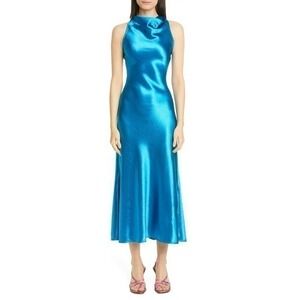Sies Marjan Andy Cowl Neck Satin A-Line Midi Dress Size 0 NWOT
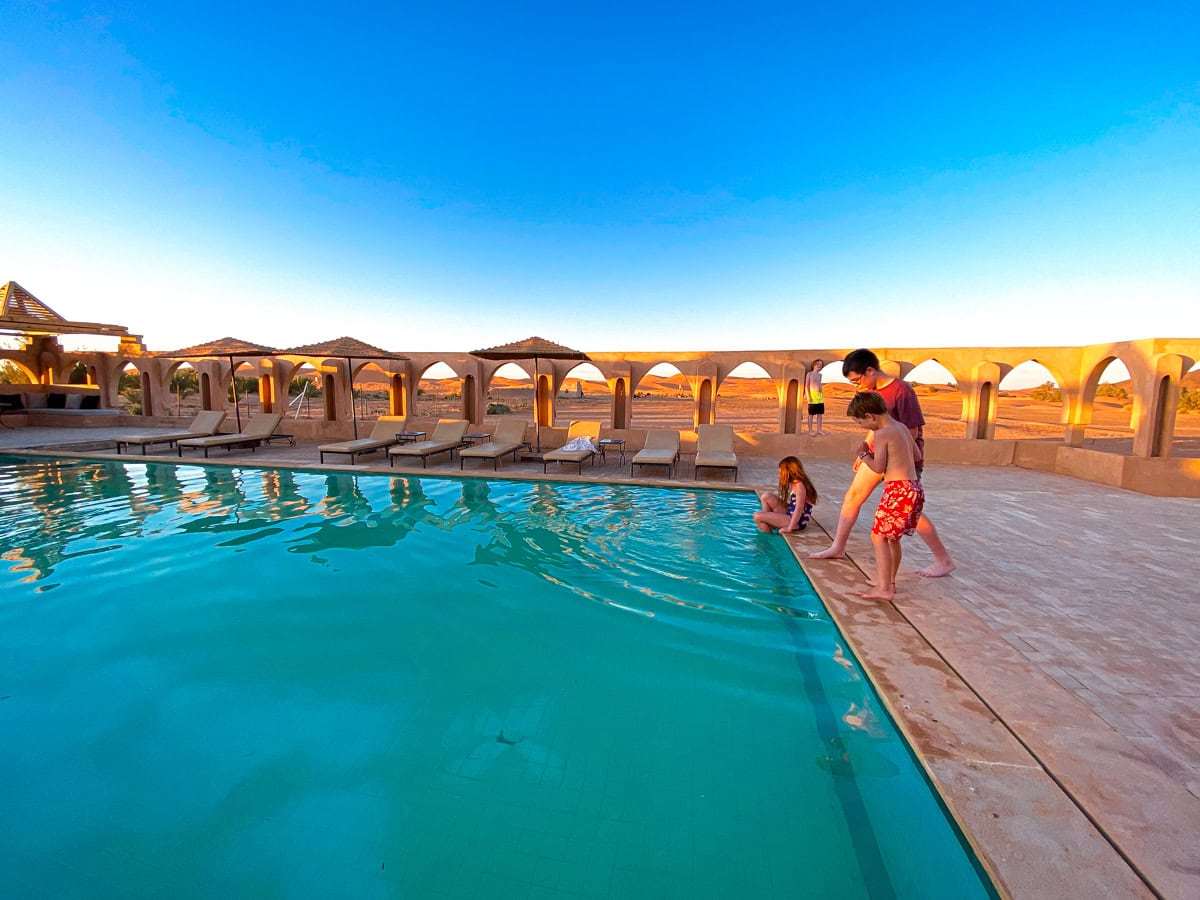 Hotel pool in Merzouga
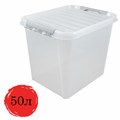 Ящик-контейнер 50 л с КРЫШКОЙ НА ЗАЩЕЛКАХ "ПРОФИ", 40х50х39 см, штабелируемый, ПРОЧНЫЙ, прозрачный, 437960000 608204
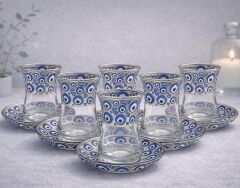 ÇİNİLİ ÇOKLU NAZAR DESENLİ ÇAY SETİ Altılı Set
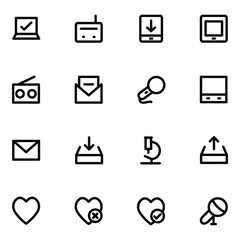 Line Icons of Media and Network

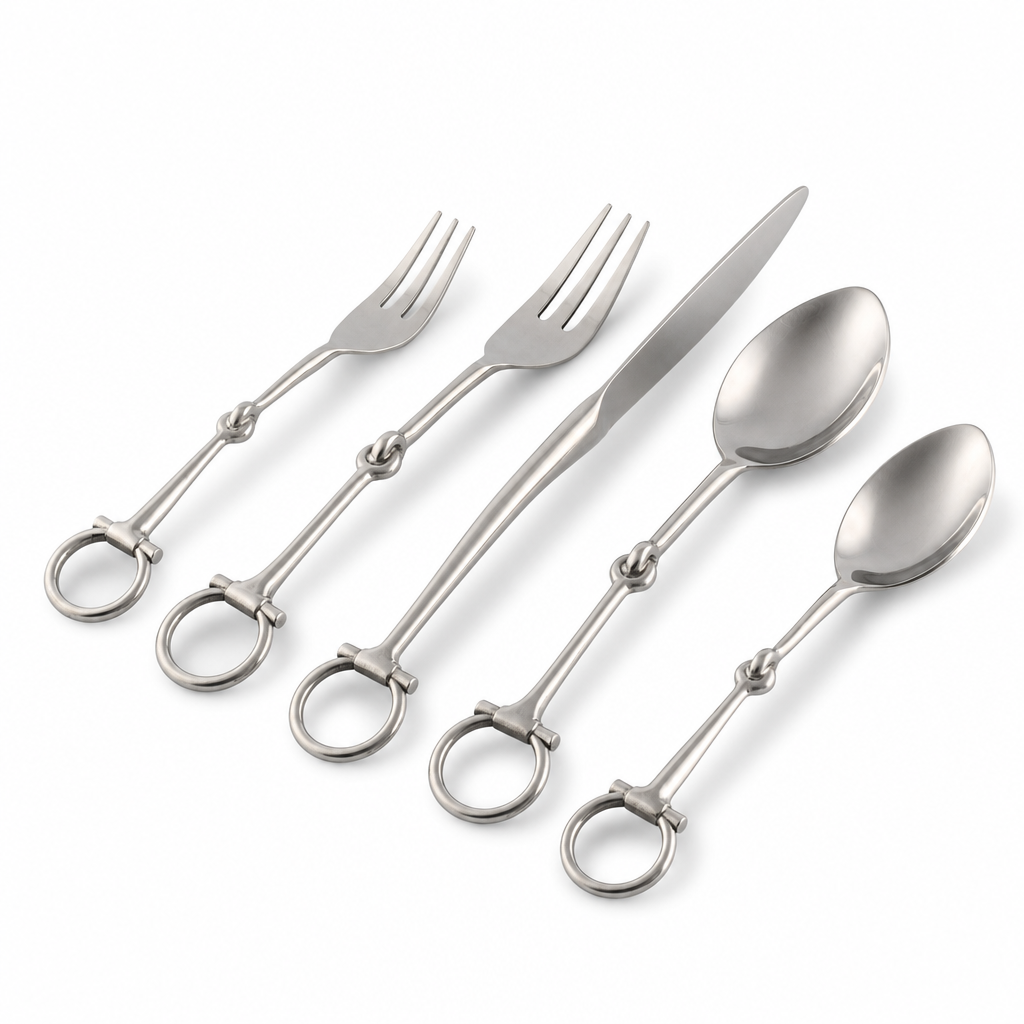 Bit Five piece Flatware Set - Stainless Steel Matt Silver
▬▬▬▬▬▬▬▬▬▬
▸ **WHAT IS EXPECTED**
Every entry belongs in the answer exactly as written, but no picture does.

▸ **WRITTEN ANSWER**
Sies Marjan Andy Cowl Neck Satin A-Line Midi Dress Size 0 NWOT
 Hotel pool in Merzouga
 Ящик-контейнер 50 л с КРЫШКОЙ НА ЗАЩЕЛКАХ "ПРОФИ", 40х50х39 см, штабелируемый, ПРОЧНЫЙ, прозрачный, 437960000 608204
 ÇİNİLİ ÇOKLU NAZAR DESENLİ ÇAY SETİ Altılı Set
 Line Icons of Media and Network

 Bit Five piece Flatware Set - Stainless Steel Matt Silver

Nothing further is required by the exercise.